◆ EXERCISE
Copy out exactly the stretch below, from the line with "Also adding to" through the line with "Here is an example", both included; the pictures stay out.

◆ STUDY MATERIAL
**********

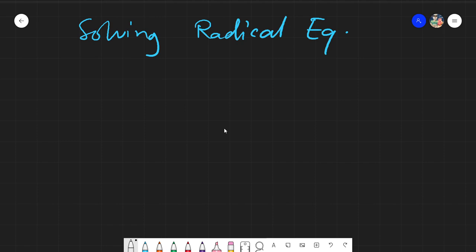Peace be upon you, and good day again. Today, I will be teaching you some methods on solving radical equations.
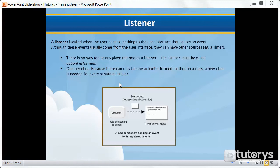A new class is needed for every separate listener. As you can see in this diagram, we're representing what an event listener does.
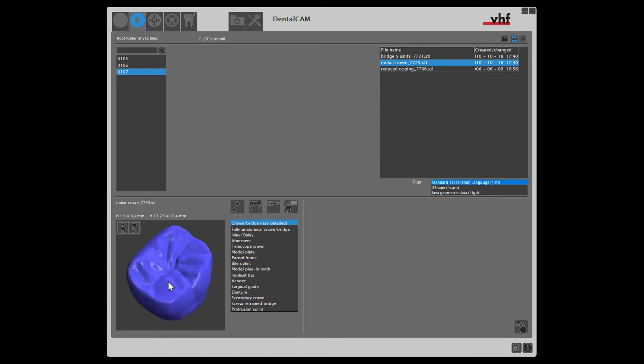Now we must specify the calculation options. First, we select the indication from the list. In our case, the object is a fully anatomical crown.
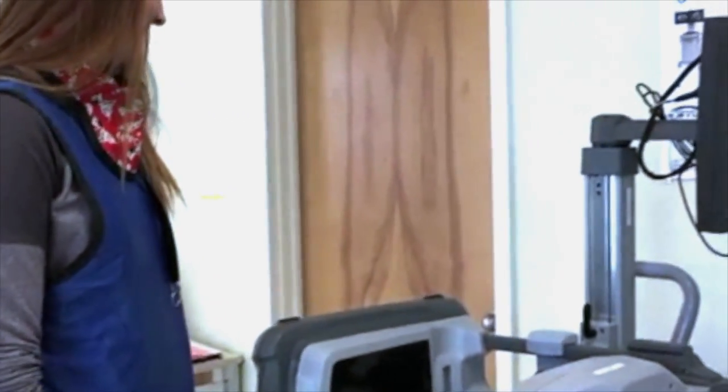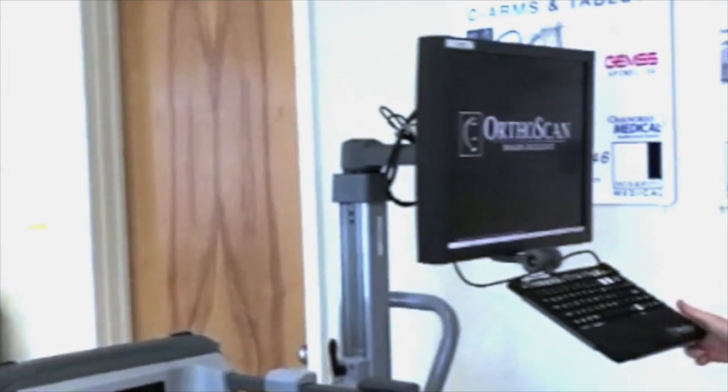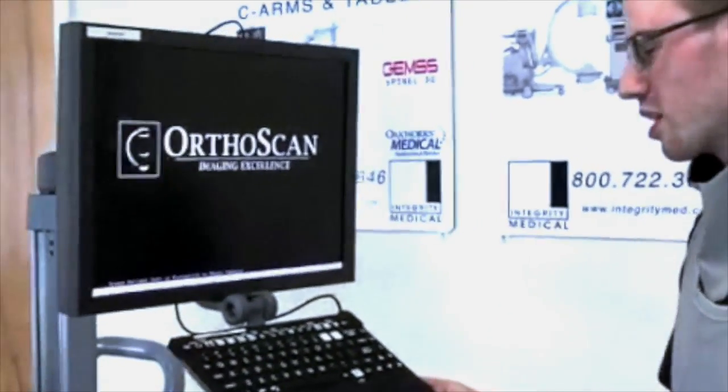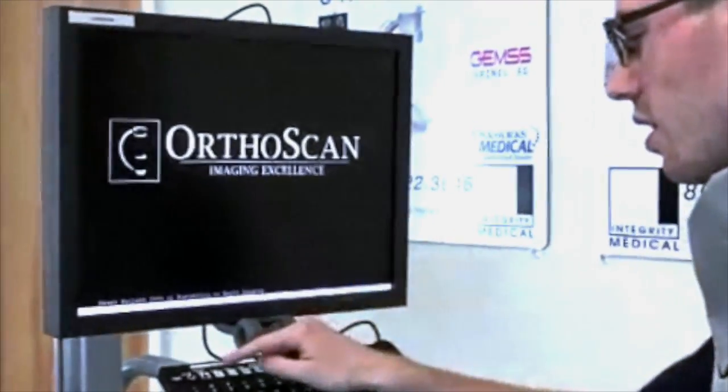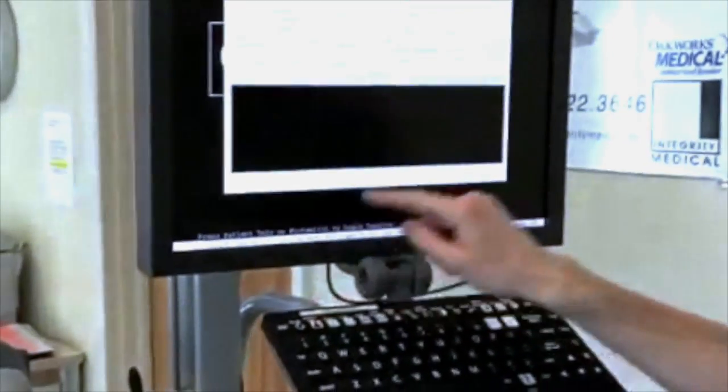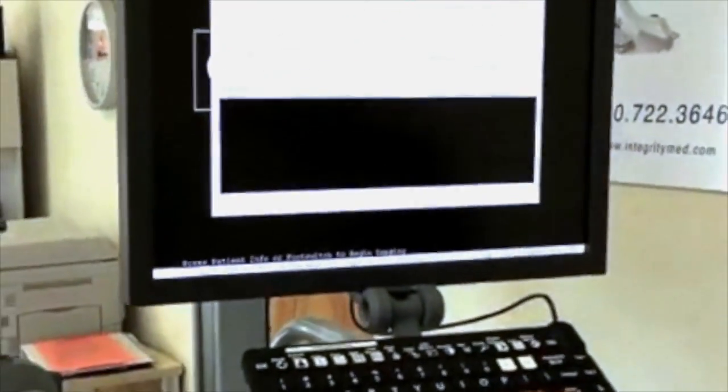The first thing we're going to do is show you how to create a patient. Once the machine boots up, you're going to click this button right here, patient info. Right here we're just going to put Jane Doe.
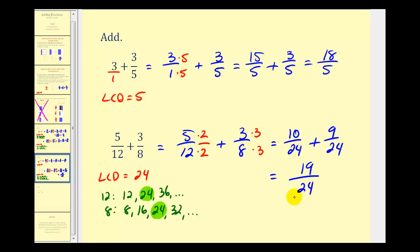We will take a look at some more examples in the next few videos, but hopefully this gives you a good foundation on why we have to have a common denominator and how we can identify the least common denominator. While there are other ways to identify the least common denominator, listing multiples will always work.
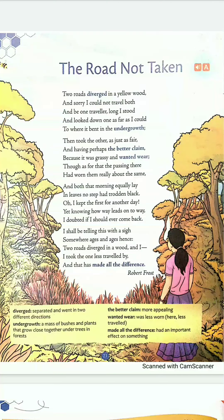Good morning students. Welcome to English class. I hope you all are doing well. In today's English class we are going to read the poem 'The Road Not Taken'.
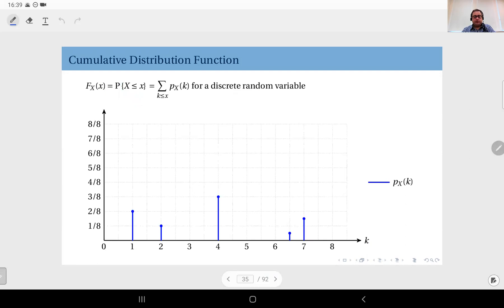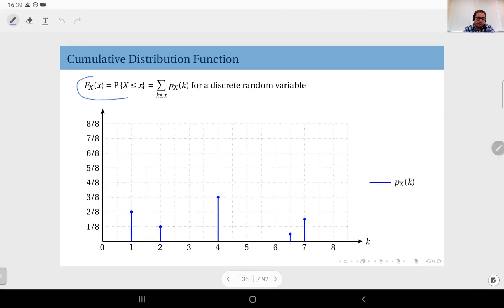Now let's see this on an example. This is the exact example we have seen just now for the PMF. The PMF is plotted here, and on this graph we will also plot the CDF value. Always remember the definition.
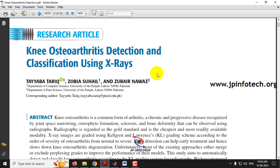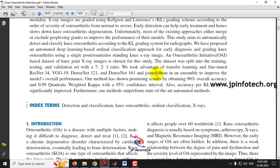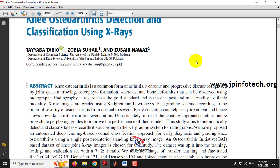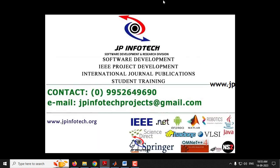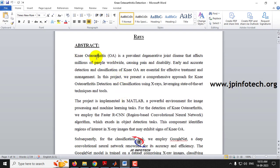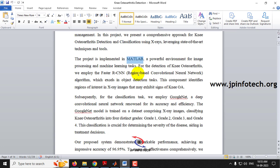In this base paper, the authors developed a Knee Osteoarthritis Detection and Classification based on X-ray images using various deep learning models and image processing techniques. We are not going to use the same approach as mentioned in the base paper. In our proposed system, as described in the abstract, we implemented it using MATLAB and we are going to use two different models.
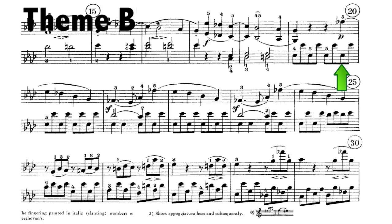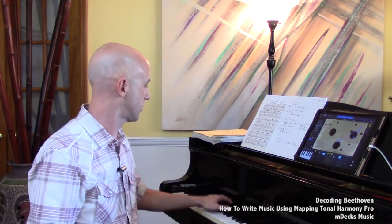Also adding to the tension or the frenetic nature of theme B is that rhythm on the left hand — those eighth notes across those octaves — making it a bit busier and more tense too. This is something you didn't really hear a lot of in theme A that you're going to hear more of in theme B.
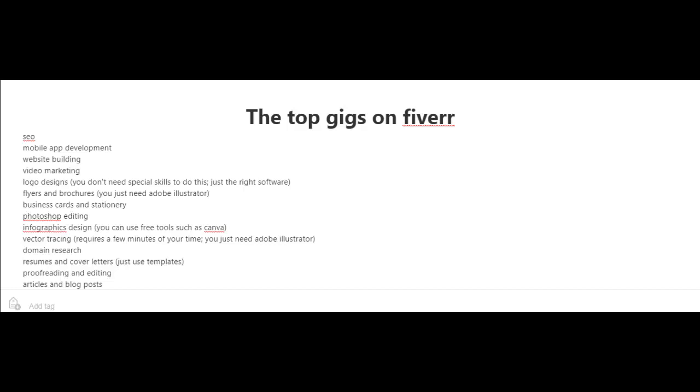Another top gig is domain research, resumes, and cover letters. I know of somebody who's actually making a good living just writing resumes and cover letters on Fiverr. And to start off with, you could just use templates.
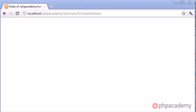Hi, this is Alex from PHP Academy and welcome to this PHP tutorial on form validation. If you have a website that takes in form data from a user, it's obviously very important to validate each aspect of your form.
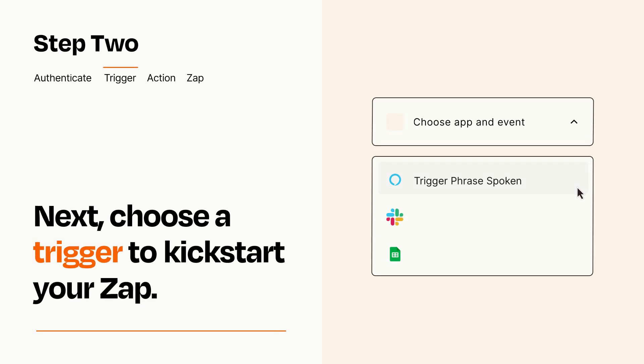Now let's set up your trigger, which is the event that starts your Zap. Pick the trigger event that you want from the list.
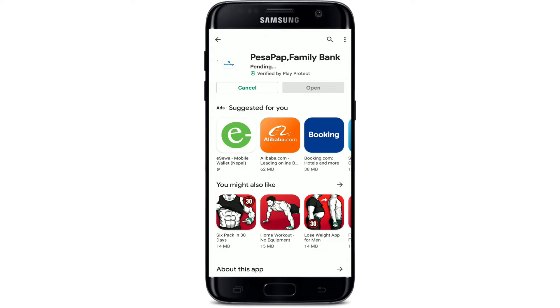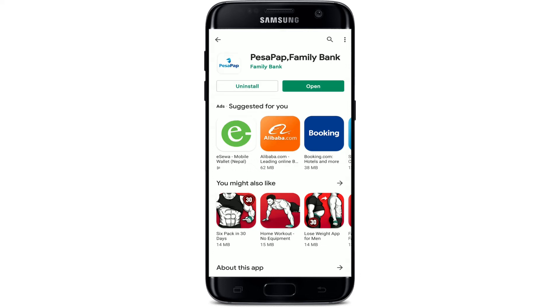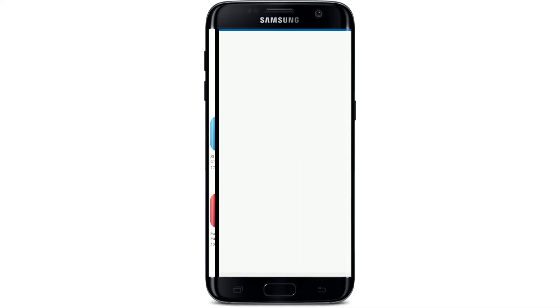Your download should start — wait until it completes. It might take a while depending on your internet speed, so be sure to be connected to a strong internet connection. As soon as the application is downloaded and ready for use, you should see an 'Open' button pop up — tap on it in order to launch the application.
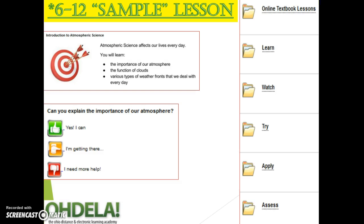Here is an example of a 6-12 lesson. You will see the learning targets first again. Based on your skill level, you can answer the questions: Yes, I can; I'm getting there; or maybe I need some more help — to find some resources. You'll also have access to online textbook lessons and can build understanding with five main folders: learn, watch, try, apply, and assess.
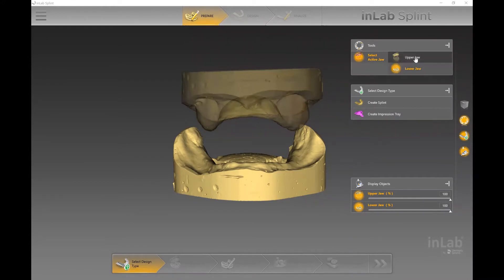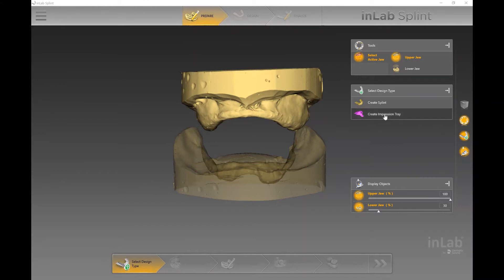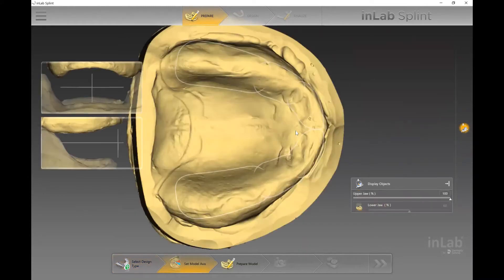Today we're going to take a look at the custom tray workflow in the InLabSplint software. This is where you can design either a Michigan splint or an impression tray. The very first step in the prepare phase is where you need to select the design type, because the software needs to know which one you're designing. I'm going to select 'Create Impression Tray' here.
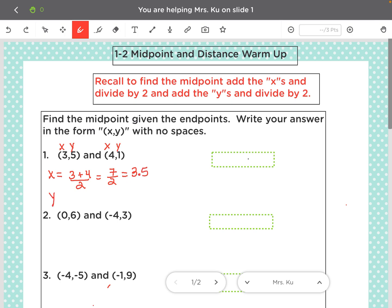You do the same thing for the y's. You add your y's, which are 5 and 1, and divide by 2. In this case, 5 plus 1 is 6 divided by 2, which gives me exactly 3.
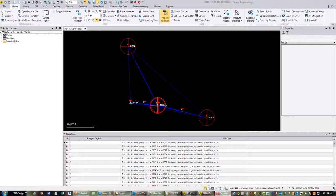Hey guys, it's Landon Blake from Redefine Horizons, and today I'm going to revisit the adjustment of GPS vectors and total station vectors together in StarNet. I'm primarily a TBC user, but TBC doesn't allow you to least-squares adjust a combination of those two data types. I did a previous set of videos — I believe there were four of them — where I adjusted some sample data, in that case RTN vectors and total station vectors.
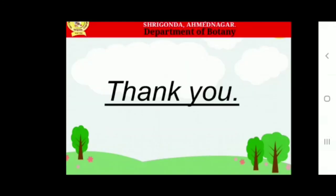Total root parasites. Some angiosperms are completely dependent on the roots of host plants for supplying of water, food and mineral salts. These plants are called total root parasites. For example: Striga, Balanophora.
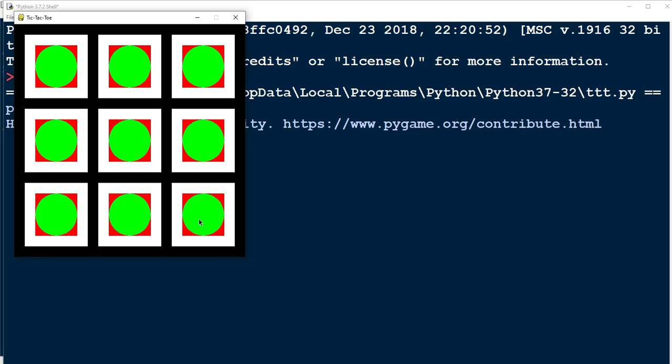What we're going to work on in this video is setting up a two-player system so that when one player clicks it will be the circle, and then when the next player clicks it will be the other shape, the square. Let's go ahead and dive in and get started.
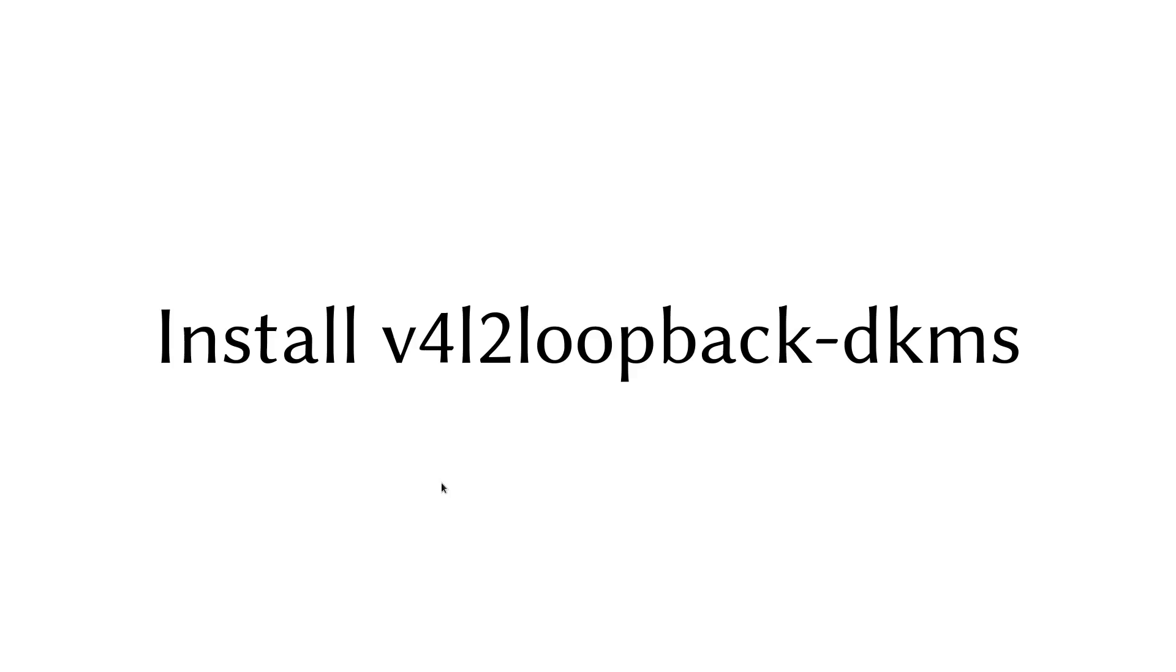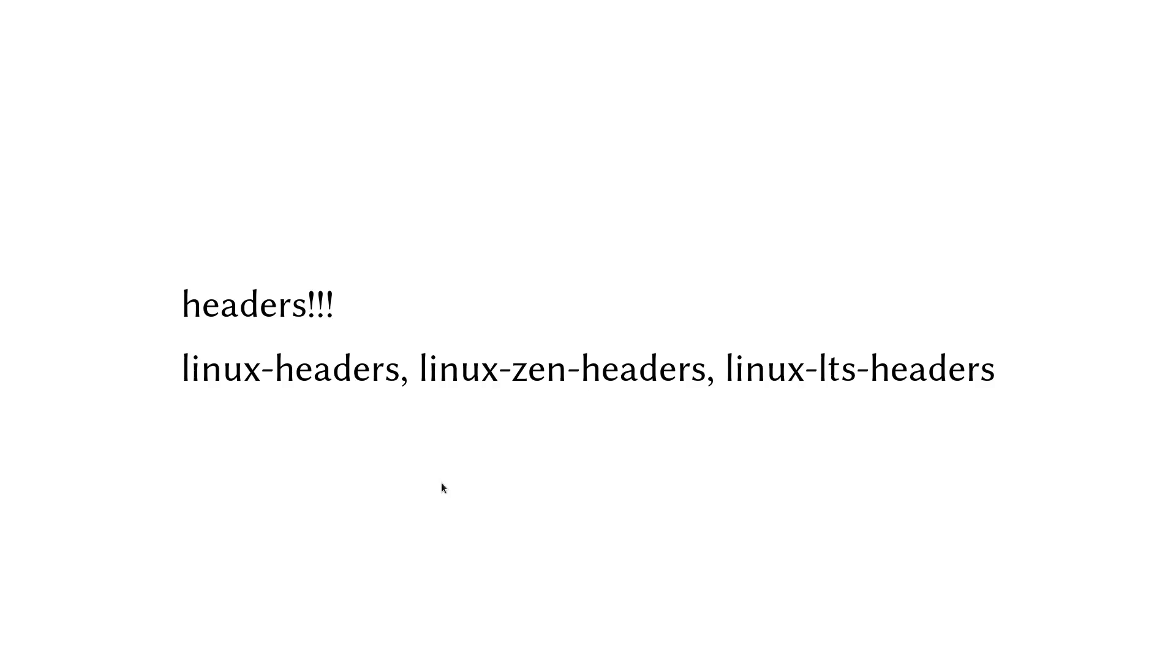And then you need to have the Video for Linux loopback DKMS - whatever that means - and if it's still not working, well, headers. It's always headers. So yeah, you need your kernel headers.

**********

◆ RESULT OF THE EXERCISE
Also adding to the tension or the frenetic nature of theme B is that rhythm on the left hand — those eighth notes across those octaves — making it a bit busier and more tense too. This is something you didn't really hear a lot of in theme A that you're going to hear more of in theme B.
Another top gig is domain research, resumes, and cover letters. I know of somebody who's actually making a good living just writing resumes and cover letters on Fiverr. And to start off with, you could just use templates.
Hi, this is Alex from PHP Academy and welcome to this PHP tutorial on form validation. If you have a website that takes in form data from a user, it's obviously very important to validate each aspect of your form.
Now let's set up your trigger, which is the event that starts your Zap. Pick the trigger event that you want from the list.
Your download should start — wait until it completes. It might take a while depending on your internet speed, so be sure to be connected to a strong internet connection. As soon as the application is downloaded and ready for use, you should see an 'Open' button pop up — tap on it in order to launch the application.
Here is an example of a 6-12 lesson. You will see the learning targets first again. Based on your skill level, you can answer the questions: Yes, I can; I'm getting there; or maybe I need some more help — to find some resources. You'll also have access to online textbook lessons and can build understanding with five main folders: learn, watch, try, apply, and assess.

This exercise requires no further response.